A veces, cuando realizamos diagnósticos y contrastes en las empresas, solemos preguntar a los participantes: “Y a ti, ¿por hacer qué te pagan un sueldo?“. Y sorprendentemente, muchos responden “eso mismo me pregunto yo“. O simplemente se quedan en blanco. Mediante indicadores, objetivos y el contacto personal constructivo, cercano y sincero, podemos transmitir fácilmente lo que esperamos de las personas y facilitarles que hagan bien su trabajo. El feedback es, en definitiva, una herramienta de liderazgo muy poderosa si se utiliza adecuadamente.
En el libro “Pasado, presente y futuro del liderazgo“, de Juan Esain, se presentan las ideas clave sobre el feedback:
Un feedback personal de ayuda requiere de un clima de respeto y confianza. La razón única para que el equipo, o uno de sus miembros quiera dar feedback a otro miembro debe ser ayudar a mejorar su desempeño actual. Si hay otra motivación que la induzca ya no es feedback. Es otra cosa.
Algunas reglas que ayudarán a que el feedback sea más útil:
—Ser ofrecido en forma descriptiva. No valorar ni interpretar ni justificar motivos. Esto asegura la objetividad al evitar las distorsiones de tipo emocional.
—Ser concreto, describiendo una situación ocurrida en forma específica. No es lo mismo decirle a alguien que es atropellador, que decirle: “ yo me siento atropellado cuando…”
—Útil: debe ir dirigido sólo a aspectos que necesitan ser considerados por la persona receptora para generar en ella la voluntad de cambiar.

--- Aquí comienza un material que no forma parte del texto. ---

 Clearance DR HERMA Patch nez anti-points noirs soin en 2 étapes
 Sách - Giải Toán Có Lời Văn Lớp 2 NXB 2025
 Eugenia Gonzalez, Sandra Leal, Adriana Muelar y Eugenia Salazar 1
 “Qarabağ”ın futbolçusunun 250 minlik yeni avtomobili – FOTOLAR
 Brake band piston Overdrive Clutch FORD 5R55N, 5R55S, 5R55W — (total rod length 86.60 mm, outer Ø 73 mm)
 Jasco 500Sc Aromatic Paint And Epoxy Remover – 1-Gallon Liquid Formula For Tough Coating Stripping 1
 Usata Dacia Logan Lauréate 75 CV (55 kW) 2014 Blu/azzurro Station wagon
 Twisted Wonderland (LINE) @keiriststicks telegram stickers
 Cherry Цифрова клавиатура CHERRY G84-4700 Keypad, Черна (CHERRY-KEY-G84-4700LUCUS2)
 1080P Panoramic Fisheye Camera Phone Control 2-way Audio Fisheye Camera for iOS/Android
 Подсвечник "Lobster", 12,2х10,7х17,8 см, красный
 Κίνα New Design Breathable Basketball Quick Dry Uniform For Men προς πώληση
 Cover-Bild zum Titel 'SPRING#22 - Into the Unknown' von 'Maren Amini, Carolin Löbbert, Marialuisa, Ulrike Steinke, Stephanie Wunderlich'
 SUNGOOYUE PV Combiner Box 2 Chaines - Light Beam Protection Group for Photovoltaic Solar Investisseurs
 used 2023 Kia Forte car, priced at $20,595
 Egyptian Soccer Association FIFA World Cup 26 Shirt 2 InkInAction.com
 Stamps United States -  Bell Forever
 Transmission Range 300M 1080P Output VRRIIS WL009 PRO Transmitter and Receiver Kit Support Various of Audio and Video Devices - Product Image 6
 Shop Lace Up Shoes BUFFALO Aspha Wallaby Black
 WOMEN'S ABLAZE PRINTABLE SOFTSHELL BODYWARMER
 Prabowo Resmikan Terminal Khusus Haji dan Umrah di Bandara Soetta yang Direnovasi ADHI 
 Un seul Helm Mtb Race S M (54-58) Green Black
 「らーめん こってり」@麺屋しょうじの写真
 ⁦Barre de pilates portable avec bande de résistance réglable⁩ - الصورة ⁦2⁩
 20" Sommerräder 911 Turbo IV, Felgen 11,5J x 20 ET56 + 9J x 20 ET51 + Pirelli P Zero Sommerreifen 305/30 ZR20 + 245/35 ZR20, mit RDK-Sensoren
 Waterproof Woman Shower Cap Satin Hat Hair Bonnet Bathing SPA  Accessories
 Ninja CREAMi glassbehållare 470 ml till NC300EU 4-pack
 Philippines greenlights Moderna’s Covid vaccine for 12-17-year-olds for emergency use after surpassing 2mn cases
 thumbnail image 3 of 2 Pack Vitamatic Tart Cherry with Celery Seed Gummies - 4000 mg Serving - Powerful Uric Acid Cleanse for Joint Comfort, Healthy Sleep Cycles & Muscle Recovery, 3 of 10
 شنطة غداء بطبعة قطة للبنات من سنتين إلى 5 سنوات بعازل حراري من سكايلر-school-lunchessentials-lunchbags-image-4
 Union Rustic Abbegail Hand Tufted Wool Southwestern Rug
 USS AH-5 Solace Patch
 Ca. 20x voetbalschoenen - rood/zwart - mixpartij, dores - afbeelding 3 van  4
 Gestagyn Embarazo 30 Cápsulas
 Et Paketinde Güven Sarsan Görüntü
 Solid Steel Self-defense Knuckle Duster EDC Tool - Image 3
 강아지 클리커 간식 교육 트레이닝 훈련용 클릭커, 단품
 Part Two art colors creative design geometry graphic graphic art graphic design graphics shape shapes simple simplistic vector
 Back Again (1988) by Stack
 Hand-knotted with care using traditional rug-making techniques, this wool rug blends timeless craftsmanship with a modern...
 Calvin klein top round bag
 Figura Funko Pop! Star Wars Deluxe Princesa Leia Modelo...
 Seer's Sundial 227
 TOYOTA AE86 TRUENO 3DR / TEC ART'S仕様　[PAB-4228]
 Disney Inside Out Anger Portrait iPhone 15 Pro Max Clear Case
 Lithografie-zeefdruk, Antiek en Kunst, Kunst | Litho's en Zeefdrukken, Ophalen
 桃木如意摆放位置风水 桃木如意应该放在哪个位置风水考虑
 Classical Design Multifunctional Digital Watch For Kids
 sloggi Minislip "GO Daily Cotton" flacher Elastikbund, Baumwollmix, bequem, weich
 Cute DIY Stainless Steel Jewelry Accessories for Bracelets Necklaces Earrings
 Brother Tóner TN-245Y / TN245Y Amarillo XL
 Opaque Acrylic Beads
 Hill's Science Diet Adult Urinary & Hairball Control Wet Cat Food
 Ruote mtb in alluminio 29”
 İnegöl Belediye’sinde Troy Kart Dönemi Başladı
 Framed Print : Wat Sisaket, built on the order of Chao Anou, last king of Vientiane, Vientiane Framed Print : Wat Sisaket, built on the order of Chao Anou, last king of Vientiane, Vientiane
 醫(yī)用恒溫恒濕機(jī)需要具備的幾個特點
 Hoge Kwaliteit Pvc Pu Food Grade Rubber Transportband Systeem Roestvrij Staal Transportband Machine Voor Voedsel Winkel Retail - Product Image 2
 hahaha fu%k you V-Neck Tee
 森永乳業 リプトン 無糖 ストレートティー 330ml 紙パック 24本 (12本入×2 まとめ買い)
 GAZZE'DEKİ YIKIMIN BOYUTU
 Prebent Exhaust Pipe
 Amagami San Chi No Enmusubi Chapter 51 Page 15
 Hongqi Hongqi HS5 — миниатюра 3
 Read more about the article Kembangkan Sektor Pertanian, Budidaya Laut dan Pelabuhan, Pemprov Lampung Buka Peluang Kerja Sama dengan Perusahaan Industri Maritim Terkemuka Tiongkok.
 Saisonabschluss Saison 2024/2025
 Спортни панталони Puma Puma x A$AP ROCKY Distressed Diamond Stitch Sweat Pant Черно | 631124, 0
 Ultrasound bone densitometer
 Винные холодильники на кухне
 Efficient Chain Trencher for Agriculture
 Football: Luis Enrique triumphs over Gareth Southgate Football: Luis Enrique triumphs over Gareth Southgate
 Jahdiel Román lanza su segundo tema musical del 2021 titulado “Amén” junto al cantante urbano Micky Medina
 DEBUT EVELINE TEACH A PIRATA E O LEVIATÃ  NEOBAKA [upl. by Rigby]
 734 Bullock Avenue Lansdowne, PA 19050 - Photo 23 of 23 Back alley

—Aquí y ahora: es mas útil cuando describe una acción ocurrida recientemente y se recuerdan plenamente los hechos tal como ocurrieron y los efectos causados en el ánimo del que da feedback.
—Llevado a cabo en un ambiente relajado pero serio, evitando bromas y chistes que dispersan el propósito perseguido. Para ello, es recomendable que antes de iniciar la actividad se recuerde el propósito de ayuda en beneficio del equipo y de los que van a recibir el feedback.
El feedback resulta más útil cuando es solicitado. Teniendo en cuenta esto, es recomendable pedirlo con regularidad “(¿qué piensas de la manera como defendí mi punto de vista durante la discusión con Carlos?).” El receptor debe reflexionar sobre las cosas que ha escuchado y en ningún caso mostrar su desacuerdo con ellas ni tratar de justificarse. Puede no obstante pedir información adicional sobre algún punto en particular si algo no le ha quedado completamente claro, por ejemplo, “agradecería que me dieras algunos ejemplos de cuando me has visto una actitud autocrática” o, “cuándo te doy la impresión de ser indiferente,”etc.
(…) Cuando no dar feedback:
—No debe darse feedback bajo ninguna circunstancia que no sea la de ayudar.
—Cuando dos miembros o más son manifiestamente antagónicos y usarían el feedback para ofenderse mutuamente, lo que agravaría las cosas.
—No hay tiempo.
—Cuando los integrantes no tienen la suficiente práctica de dar feedback cara-a-cara o les falta habilidad para comunicarse abiertamente.
—Cuando las actividades que se llevan a cabo son tan rutinarias y carentes de exigencias técnicas que no hay beneficio de un posible feedback.
¿A cuantas personas habéis dado feedback el último mes? ¿Y de cuantas lo habéis recibido?